┌──
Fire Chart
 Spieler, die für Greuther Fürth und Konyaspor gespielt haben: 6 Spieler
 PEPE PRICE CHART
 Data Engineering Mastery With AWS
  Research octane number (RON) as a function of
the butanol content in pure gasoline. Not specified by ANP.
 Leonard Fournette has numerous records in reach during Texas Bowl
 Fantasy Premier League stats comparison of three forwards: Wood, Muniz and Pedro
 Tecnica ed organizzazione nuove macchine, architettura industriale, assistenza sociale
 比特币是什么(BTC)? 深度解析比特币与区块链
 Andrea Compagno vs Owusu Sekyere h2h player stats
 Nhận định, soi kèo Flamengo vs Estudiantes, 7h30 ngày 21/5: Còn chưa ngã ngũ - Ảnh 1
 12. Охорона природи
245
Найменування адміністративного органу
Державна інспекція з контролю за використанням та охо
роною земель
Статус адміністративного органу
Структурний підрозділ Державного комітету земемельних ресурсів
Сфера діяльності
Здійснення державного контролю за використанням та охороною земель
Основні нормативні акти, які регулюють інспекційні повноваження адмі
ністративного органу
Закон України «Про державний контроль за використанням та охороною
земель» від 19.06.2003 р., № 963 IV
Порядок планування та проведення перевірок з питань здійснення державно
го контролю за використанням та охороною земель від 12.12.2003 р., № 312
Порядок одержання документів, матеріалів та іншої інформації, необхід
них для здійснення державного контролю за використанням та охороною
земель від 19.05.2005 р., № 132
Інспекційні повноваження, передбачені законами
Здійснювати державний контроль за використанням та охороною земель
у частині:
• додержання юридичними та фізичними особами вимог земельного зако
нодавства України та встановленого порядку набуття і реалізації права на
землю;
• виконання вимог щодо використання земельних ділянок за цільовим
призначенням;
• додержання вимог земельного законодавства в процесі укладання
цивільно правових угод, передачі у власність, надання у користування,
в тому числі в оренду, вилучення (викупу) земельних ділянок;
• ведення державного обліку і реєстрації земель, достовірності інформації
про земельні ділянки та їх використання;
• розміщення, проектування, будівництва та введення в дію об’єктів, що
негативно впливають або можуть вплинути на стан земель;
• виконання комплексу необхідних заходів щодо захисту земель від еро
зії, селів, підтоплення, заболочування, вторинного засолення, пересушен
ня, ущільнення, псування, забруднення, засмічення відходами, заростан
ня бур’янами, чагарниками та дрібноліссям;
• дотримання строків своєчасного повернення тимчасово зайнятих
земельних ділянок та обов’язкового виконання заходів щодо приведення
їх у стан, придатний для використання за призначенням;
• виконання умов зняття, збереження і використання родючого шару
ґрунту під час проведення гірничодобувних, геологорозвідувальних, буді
└──
PROBLEM DETAILS: All records above must be set down exactly, please.

RESULT OF THE TASK:
Fire Chart
 Spieler, die für Greuther Fürth und Konyaspor gespielt haben: 6 Spieler
 PEPE PRICE CHART
 Data Engineering Mastery With AWS
  Research octane number (RON) as a function of
the butanol content in pure gasoline. Not specified by ANP.
 Leonard Fournette has numerous records in reach during Texas Bowl
 Fantasy Premier League stats comparison of three forwards: Wood, Muniz and Pedro
 Tecnica ed organizzazione nuove macchine, architettura industriale, assistenza sociale
 比特币是什么(BTC)? 深度解析比特币与区块链
 Andrea Compagno vs Owusu Sekyere h2h player stats
 Nhận định, soi kèo Flamengo vs Estudiantes, 7h30 ngày 21/5: Còn chưa ngã ngũ - Ảnh 1
 12. Охорона природи
245
Найменування адміністративного органу
Державна інспекція з контролю за використанням та охо
роною земель
Статус адміністративного органу
Структурний підрозділ Державного комітету земемельних ресурсів
Сфера діяльності
Здійснення державного контролю за використанням та охороною земель
Основні нормативні акти, які регулюють інспекційні повноваження адмі
ністративного органу
Закон України «Про державний контроль за використанням та охороною
земель» від 19.06.2003 р., № 963 IV
Порядок планування та проведення перевірок з питань здійснення державно
го контролю за використанням та охороною земель від 12.12.2003 р., № 312
Порядок одержання документів, матеріалів та іншої інформації, необхід
них для здійснення державного контролю за використанням та охороною
земель від 19.05.2005 р., № 132
Інспекційні повноваження, передбачені законами
Здійснювати державний контроль за використанням та охороною земель
у частині:
• додержання юридичними та фізичними особами вимог земельного зако
нодавства України та встановленого порядку набуття і реалізації права на
землю;
• виконання вимог щодо використання земельних ділянок за цільовим
призначенням;
• додержання вимог земельного законодавства в процесі укладання
цивільно правових угод, передачі у власність, надання у користування,
в тому числі в оренду, вилучення (викупу) земельних ділянок;
• ведення державного обліку і реєстрації земель, достовірності інформації
про земельні ділянки та їх використання;
• розміщення, проектування, будівництва та введення в дію об’єктів, що
негативно впливають або можуть вплинути на стан земель;
• виконання комплексу необхідних заходів щодо захисту земель від еро
зії, селів, підтоплення, заболочування, вторинного засолення, пересушен
ня, ущільнення, псування, забруднення, засмічення відходами, заростан
ня бур’янами, чагарниками та дрібноліссям;
• дотримання строків своєчасного повернення тимчасово зайнятих
земельних ділянок та обов’язкового виконання заходів щодо приведення
їх у стан, придатний для використання за призначенням;
• виконання умов зняття, збереження і використання родючого шару
ґрунту під час проведення гірничодобувних, геологорозвідувальних, буді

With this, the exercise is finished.